Task prompt | Take the line with "four-piece set European" and every line after it, through the end of the listing, and give them again exactly, pictures excluded.

Input data |
________
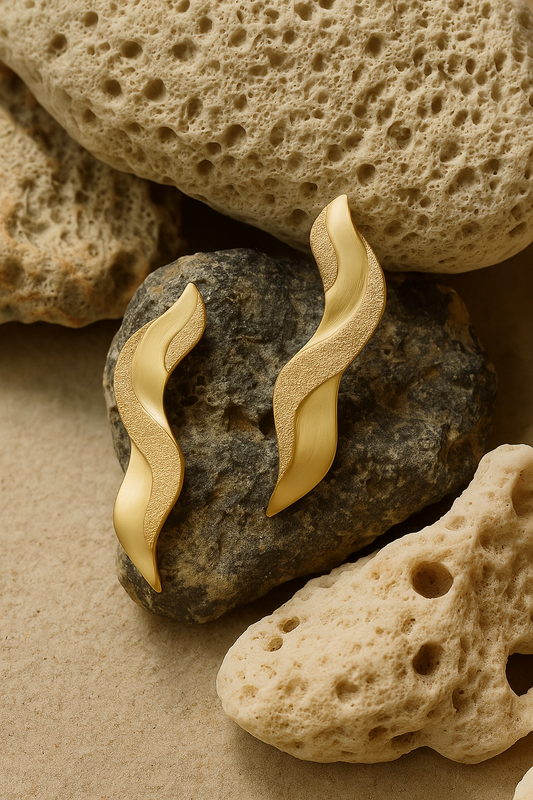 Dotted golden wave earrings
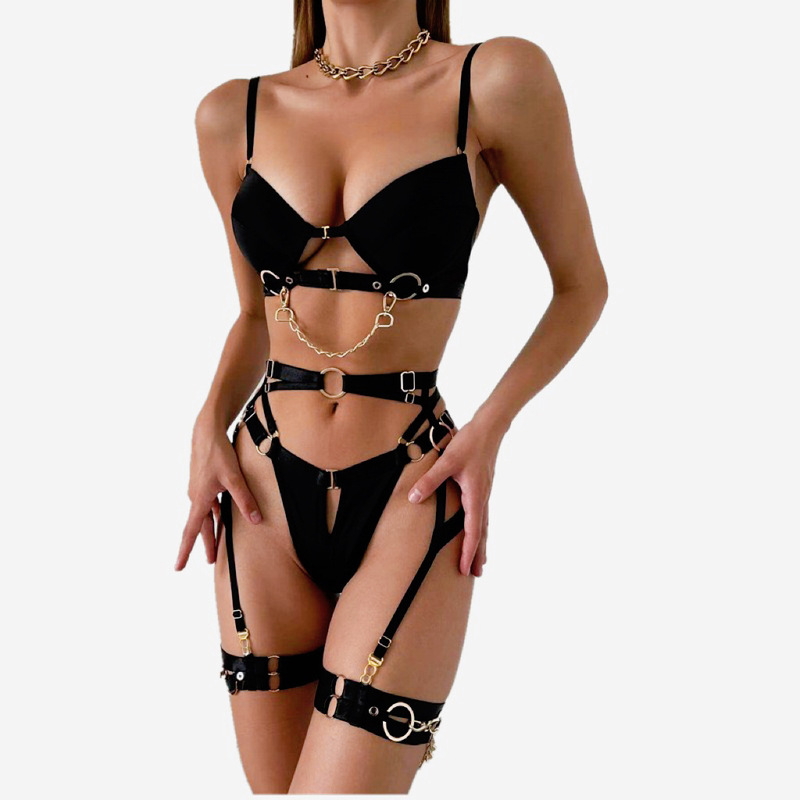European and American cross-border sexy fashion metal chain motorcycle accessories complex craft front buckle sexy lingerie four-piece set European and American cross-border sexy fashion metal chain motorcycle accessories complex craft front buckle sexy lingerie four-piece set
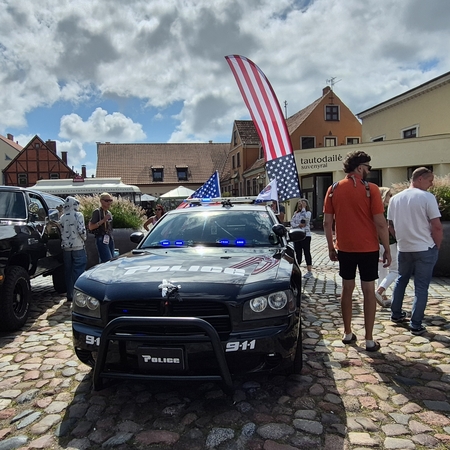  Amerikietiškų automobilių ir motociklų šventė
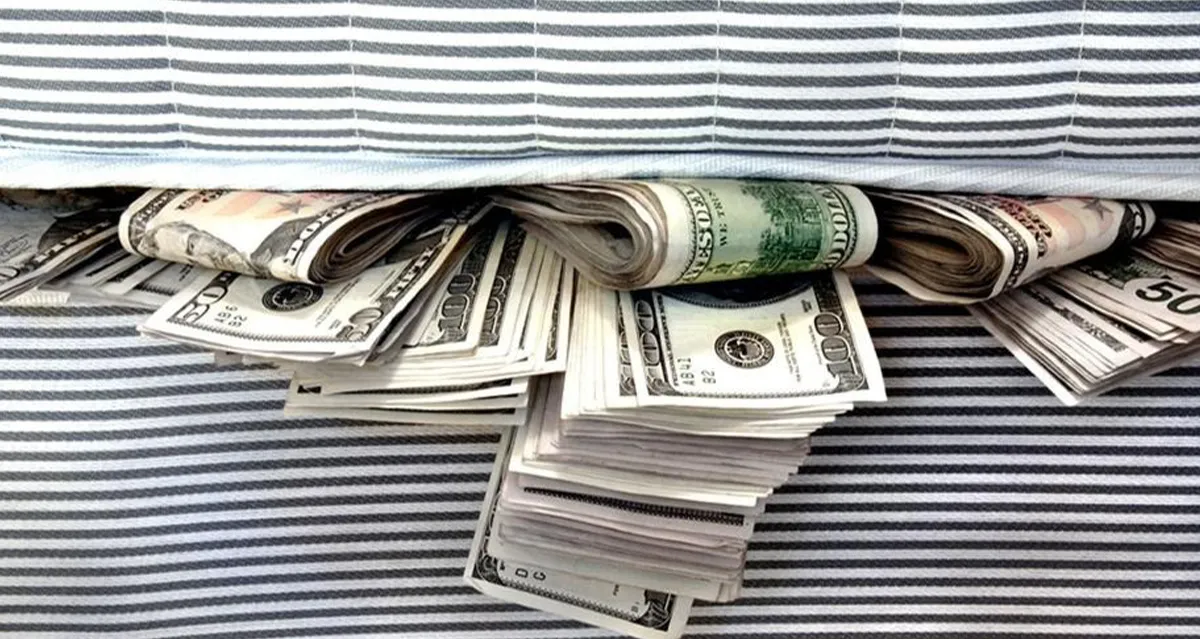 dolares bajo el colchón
________
Your response |
European and American cross-border sexy fashion metal chain motorcycle accessories complex craft front buckle sexy lingerie four-piece set European and American cross-border sexy fashion metal chain motorcycle accessories complex craft front buckle sexy lingerie four-piece set
  Amerikietiškų automobilių ir motociklų šventė
 dolares bajo el colchón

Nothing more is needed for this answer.